Corriere del Veneto (Vicenza e Bassano)
Quei figli accolti in aeroporto come fossero sopravvissuti
Sono rientrati ieri da Barcellona. La rassegnazione di chi parte
TREVISO Carolina sbuca dalla porta e sorride. Il papà le porge un mazzo di fiori enorme e la abbraccia, come fosse una sopravvissuta. A poca distanza la mamma Maria Elena quasi si commuove. Carolina sorride e li tranquillizza. «Ho visto tanto caos, ho vista tanta gente correre. Ma ero distante, non è successo nulla». Siamo all’aeroporto Canova di Treviso, sono le 15 di sabato pomeriggio. Con qualche minuto di ritardo è atterrato l’aereo da Barcellona. Ne escono volti sorridenti e sereni, che cozzano con la tensione e il nervosismo della sala di attesa colma di parenti e amici che continuano a guardare febbrili i minuti che passano.
C’è anche un altro signore, Dino di Colle Umberto, nel Trevigiano. Attende i due figli, Giovanni e Diego che con l’amico Simone tornano dopo dieci giorni di vacanza. Hanno tutti tra i 20 e i 22 anni, la vacanza della vita che non dimenticheranno mai. «Eravamo sulla Rambla, l’altro giorno», raccontano dopo aver salutato il padre. «Qualche centinaio di metri più avanti rispetto all’attentato, eravamo verso il mare. Abbiamo corso, corso, corso e corso e ci siamo salvati entrando nella casa di un nostro amico». Il padre li guarda, non sa se sentirsi orgoglioso o fortunato. «Pare brutto dirla così, ma è andata bene», ripete per due volte di fila. A poca distanza un ventenne di Cittadella, nel Padovano. Si chiama Armando. «Io ero distante, non ho visto niente», dice. «Ma che tensione». E poi, di fretta, nel flusso di persone che scappano verso casa.

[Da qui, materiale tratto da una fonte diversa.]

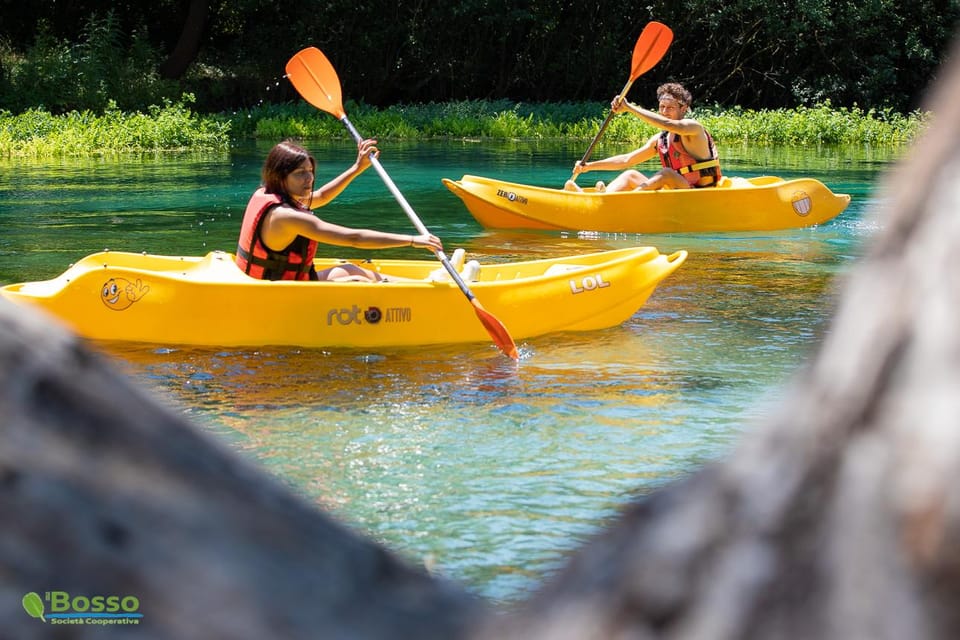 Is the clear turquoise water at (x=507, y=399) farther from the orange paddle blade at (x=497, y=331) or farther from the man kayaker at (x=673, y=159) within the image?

Al piano superiore, pochi minuti prima, si era invece celebrato il rito contrario, quello della partenza. L’aereo per Barcellona, anche questo in ritardo, era pieno: 189 posti, tutti confermati, nessuna defezione. Non se lo aspettavano, in biglietteria: dopo gli altri attentati in media non si presentavano una quarantina di persone. «Tanto, questo è il momento più sicuro», dice un capofamiglia, il figlioletto gioca sulla valigia e la moglie in fianco fa cenno di sì con la testa. «Impossibile che ricapiti». Il bar lì vicino è pieno, i ritardi della giornata stanno intasando l’aeroporto. La barista corre veloce. «Se ho visto gente preoccupata? Nessuno, anzi: dicevano che tanto adesso per un po’ Barcellona sarà sicurissima». Arriva un gruppone di adolescenti, fanno tutti la quarta Liceo al Brocchi di Bassano, lo stesso di Luca Russo. La loro insegnante, Tiziana Giancotti, sembra tranquilla. «Partiamo per Valencia, è un progetto di Erasmus Plus. I ragazzi non sono preoccupati, parlano poco della cosa. Certo è che non è un bel momento». I minorenni sorridono, pensano più ai mesi di scuola e lavoro che li attendono che non alle bombe. Come altri due giovani originari dell’India. «Partiamo senza problemi», spiegano in inglese. «Eravamo qui in vacanza, lavoriamo a Londra e ora torniamo a Barcellona. Non bisogna avere paura». Poi il tabellone annuncia un nuovo ritardo. «Ecco, questo piuttosto è un problema», e scappano verso il bar.